Tanpa mengupas lebih jauh sisi semantik dari istilah tersebut, salah satu tantangan utama yang kita hadapi adalah bagaimana memastikan bahwa tanaman pangan tidak mengalami gagal panen saat menghadapi perubahan iklim dan fenomena cuaca ekstrim. Kegagalan tersebut dapat membawa konsekuensi buruk seperti kekurangan pangan. Tahun lalu, Organisasi amal Inggris, Oxfam memperingatkan bahwa akibat pola cuaca El-Niño yang parah, 10 juta orang di Afrika Selatan, Amerika Tengah, Etiopia, dan sebagian Asia Tenggara terancam kelaparan karena gagal panen yang disebabkan oleh kekeringan.
Food Agriculture Organisation (FAO) mendefinisikan pertanian cerdas iklim sebagai “pendekatan dengan memberikan panduan terhadap tindakan yang diperlukan dalam mengubah atau mengarahkan kembali sistem pertanian yang ada menuju sistem pertanian yang efektif untuk mendukung pengembangan dan menjamin keamanan pangan dengan adanya perubahan iklim.” Ini termasuk sedapat mungkin meningkatkan produktivitas pertanian dan pendapatan secara berkelanjutan; mengadaptasi dan membangun ketahanan terhadap perubahan iklim; dan mengurangi dan/atau menghilangkan emisi gas rumah kaca.

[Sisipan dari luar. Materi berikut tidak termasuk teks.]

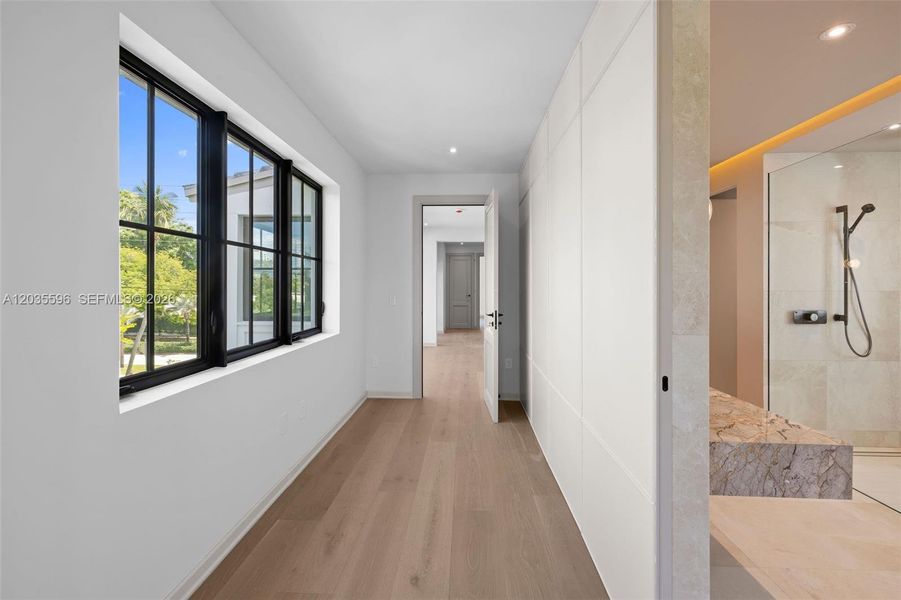 From second floor media room into the primary bedroom From second floor media room into the primary bedroom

Menjadi cerdas iklim adalah tema yang dibahas lebih dari 400 orang dari segala penjuru dunia yang berkumpul dalam International Conference on Oil Palm and Environment (ICOPE) kelima. Ilmuwan terkemuka, pejabat pemerintah, masyarakat sipil dan perwakilan industri, peneliti senior, serta akademisi semua sepakat bahwa industri kelapa sawit dapat dan harus menjadi sangat cerdas iklim. Topik yang dibahas termasuk penanaman kelapa sawit yang dapat berkembang dalam kondisi iklim yang berbeda serta pemberian opsi berkelanjutan bagi petani kecil.

Seperti komoditas pertanian lainnya, kelapa sawit harus dapat beradaptasi dengan perubahan iklim. Bagi jutaan orang di seluruh dunia, minyak kelapa sawit adalah minyak nabati dengan nilai terbaik untuk penggunaan harian dan berperan besar dalam kehidupan modern kita, penggunaan minyak kelapa sawit dapat ditemukan dalam beragam produk seperti biskuit, sabun, hingga bahan bakar mobil Anda.
Jutaan orang juga sangat bergantung pada kelapa sawit sebagai sumber mata pencaharian mereka, dari petani kecil di pedalaman Kalimantan, pekerja di kilang dan pabrik, hingga pedagang dan pengangkut. Di Indonesia, setidaknya 16 juta orang menggantungkan diri pada minyak kelapa sawit sebagai sumber mata pencaharian. Dan kesejahteraan 60 kota di dalam negeri juga bergantung pada kelapa sawit.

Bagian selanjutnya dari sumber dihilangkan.